Again, if you assume that your premise is already and irrevocably true, then building on that premise becomes much easier, no matter how weird a territory you cross into. The assumption that Iraq is just some cowboy shoot’em up Bush wanted to go on since before he became President (or Karl Rove or whatever secret cabal the Left has dug up on any given week) operates in such a vacuum. It ignores the ’91 Gulf War, unless it uses it to justify why Bush wants revenge for his “daddy” and acts as if the war was resolved then. There is no need to mention that the war was only suspended with a cease fire contingent upon the fascist Hussein complying with several U.N. demands designed to ensure that he couldn’t wage such an easy war of aggression on a neighbor again, culminating possibly in his removal from power as the ultimate smackdown. You’d also have to discount the low-level war that we and our Coalition partners had been waging with Saddam since that war. Planes that flew in the No-Fly zone were constantly fired upon, an obvious Act of War and Saddam continued to act in defiance of the treaty he himself signed.
All such facts are dust in the wind, because they are inconvenient to the “Cowboy Bush” hypothesis of the Left so casually thrown around by Bernstein. He also looks at Iran as a problem caused by Bush, when it was more realistically caused by Carter. Carter failed to nip the Islamist theocracy in the bud when there was an easier chance of doing so and allowed the Persian nation to gain power and prestige in the eyes of other Muslims, something they have craved since the decline of Persian power in the rise of Arabic princes during early Islam.

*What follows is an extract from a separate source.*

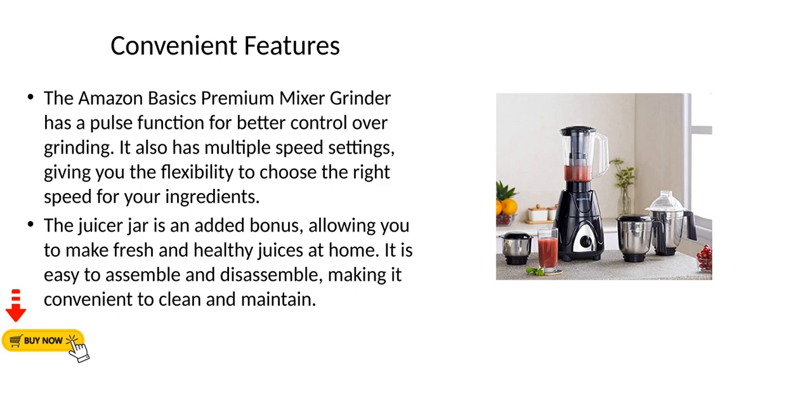The juicer jar is an added bonus, allowing you to make fresh and healthy juices at home. It is easy to assemble and disassemble, making it convenient to clean and maintain.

Iran is a burgeoning nuclear power as well as an avowed enemy of the United States and Israel. They want no peace or normalized relations. The government of Iran wants the destruction of said nations and it wants it as soon as possible. That is why we hear their president promise “50,000 suicide bombers” to destroy the United States if we act against Iran in any fashion. That’s saber rattling by any definition and provocative fighting words at the very least. Iran wants a fight and if the United States backs down they win at least greater prestige and influence. But, why consider such trivial things as history or Iranian motivation when it’s easier to just say it’s Bush’s fault and that it’s something else the Left can use to impeach him?
On the NSA program: "totally illegal, it would seem, usurpation of power by the President under the guise of national security, the kind of thing Nixon, there was an article of impeachment against Nixon for wiretapping."

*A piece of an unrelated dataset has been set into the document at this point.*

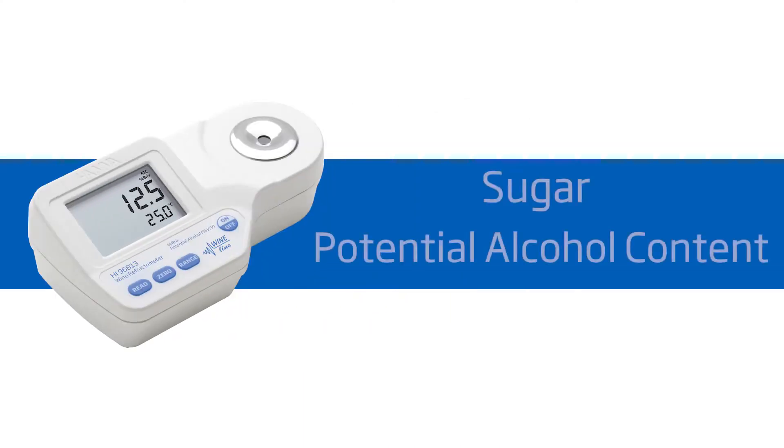Welcome to the Hanna Lab! My name is Doug and today we'll be featuring the Hanna HI96813 Refractometer for percent brix and potential alcohol in must and juice. This meter is ideal for winemakers measuring sugar and potential alcohol content. It offers high performance and eliminates uncertainty involved with mechanical refractometers, all at around $175.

I’ve remained perplexed at this non-issue, partly because it’s managed to keep legs in the papers for as long as it has and partly because I can’t see how it’s not seen through as the horribly partisan and pathetic issue that it is. Again, though, Bernstein operates from the assumption that it must be illegal and therefore he can build his further assumption that the hearing should focus on this as its prime impeachment point.
He tries to establish further credibility for his hypothesis by bringing the Nixon factor in, which any good Leftist knows is the sign of true criminal behavior. Nixon is the Left’s arch-criminal, an admittedly moderate, almost liberal Republican (he initiated affirmative action for the Feds and began the process of normal relations with Communist China) who is often viewed by those of the Marxian persuasion as the ultimate evil conservative. Imagine if they’d picked a real conservative to hate with such a reverence. Nixon is almost a Faustian Satan figure for them, and so why Bernstein so easily can inject his ghostly memory into the debate to assist his point (also because Nixon is how he made his bones).

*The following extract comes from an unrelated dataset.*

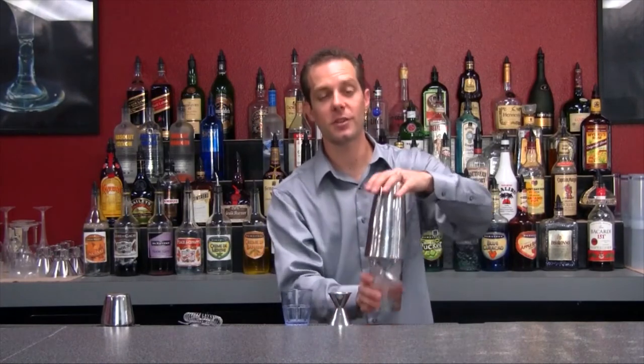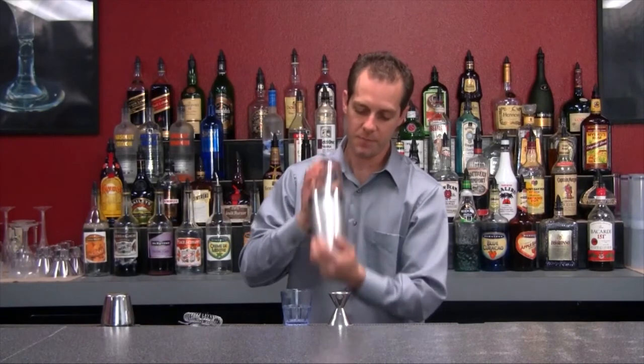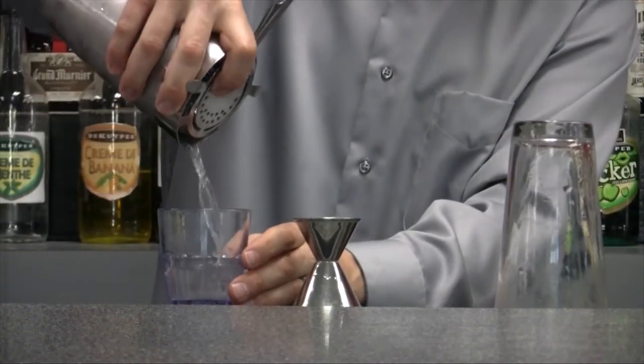It's going to be an interesting one, so make sure that you shoot this very quickly. Give it a good shake, go ahead and pour that into your shooter glass, and drink as fast as possible so you don't have to taste what it really is.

When looking at the signal gathering activity of the NSA, though, the program that is being called the smoking gun, it is a counter-espionage operation begun by intelligence agencies which have never operated within the domestic law framework to ferret out enemy spies. If the FBI were involved, I could see the point, but when even several previous FISA judges (an Act I still have trouble accepting as fully Constitutional in a separation of powers role) state that they can find no illegality in the President’s authorization of counter-espionage activity of listening in on suspected Al-Qaeda sympathizers or agents, the argument of any illegality is shattered beyond repair.
The NSA has, to my knowledge, never acquired warrants to tap anyone. They just sort of do it, much as the CIA does for foreign operatives and much as the OSS did before them. Presidents from our earliest history have led and authorized such programs as is part of their executive power and have not had to tread on the 4th Amendment to do it. This sort of work falls outside the 4th Amendment by any arguable historical measure and thus as I previously stated comes out as an overblown non-issue. This discard’s Bernstein’s primary evidence when calling for his beloved Congressional hearings.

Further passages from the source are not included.